Clone Source Tree and Compile

Prepare the necessary toolkits, dependencies and compile hilapp, the S2S compiler of HILA

Compilation of CFT simulation codes developed upon HILA logically requires two steps

    • Compiling S2S transcompiler hilapp and install it onto desired path.
    • Compiling simulation codes with necessary environment variables, which will invoke hardware architecture supports from HILA.

HILA is developed on Debian/Ubuntu branch of GNU/Linux operating system. It has been proven many times that HILA's utilities also works well on Red Hat Enterprise Linux as well as SUSE Linux Enterprise. After necessary configurations, simulation codes of HILA also has been compiled on FreeBSD system, which is significantly different from Linux family of operating system in the aspects of system components. On all systems, download HILA's source tree is done by git clone

  • $ git clone https://github.com/CFT-HY/HILA.git

Users and developers using HILA's APIs are welcomed to send their patches of HILA on their own systems back to HILA's repository, see more on community about contributions and license.

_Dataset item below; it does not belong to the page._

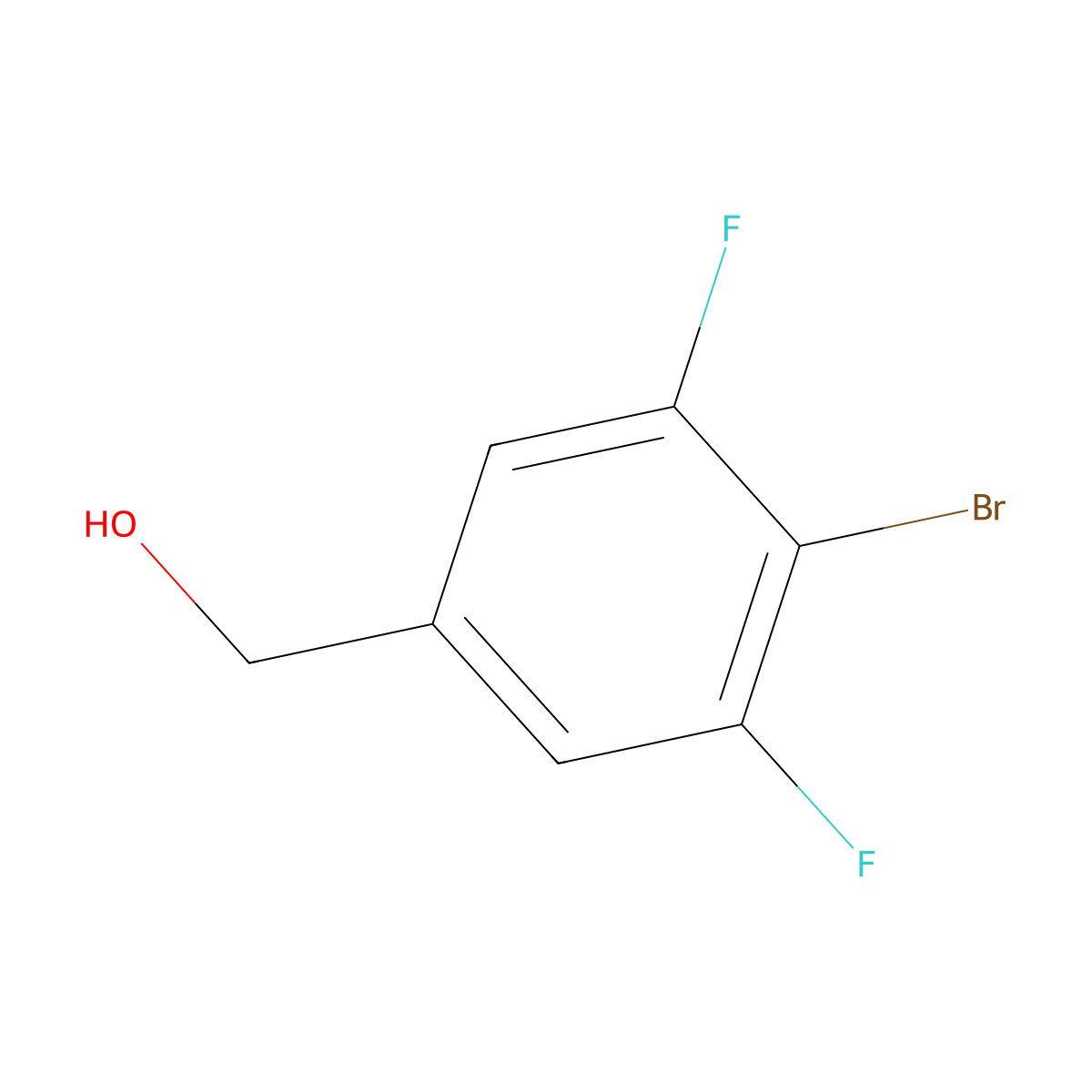 (4-Bromo-3,5-difluorophenyl)methanol molecular structure, CAS 1256276-36-4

HILA's utilities, including hialpp, are configured and built through GNU make. On Debian/Ubuntu system, all necessary dependencies for building HILA can be easily installed through APT, see details from documentation.

Dependencies On Supercomputer

In specific situation, compiling hilapp may be not easy or totally impossible on certain supercomputer platforms. This problem is caused by lack of module support LLVM, which is necessary as described in About page.

There are three major ways to over come this issue:

(1) Users could compile hilapp and link it statically on their own computer with LLVM, and then copy the static-linked binary of hilapp into supercomputer, see detail from documentation. This solution only works when users' computer has same CPU architecture as the supercomputer's. In most case, x86_64 is the architecture under concerning.

(2) Many HPC systems has Spack installed, and in common case, multiple versions of Spack are installed as modules. As a source trees management and building tool dedicated on supercomputer which has Environment Modules and Slurm Workload Manager available, spack is recommended tool to build third-party dependencies with optimized configurations on supercomputer, see documentation for detailed instruction.

Other supercomputer accessible alternative of Spack is EasyBuild.

(3) Containerization is also an effective way to by pass dependencies problem of LLVM. Using OS-level virtualization provided by Singularity, hilapp can run just like it is built locally, see details in documentation about how to deploy Singularity or Docker.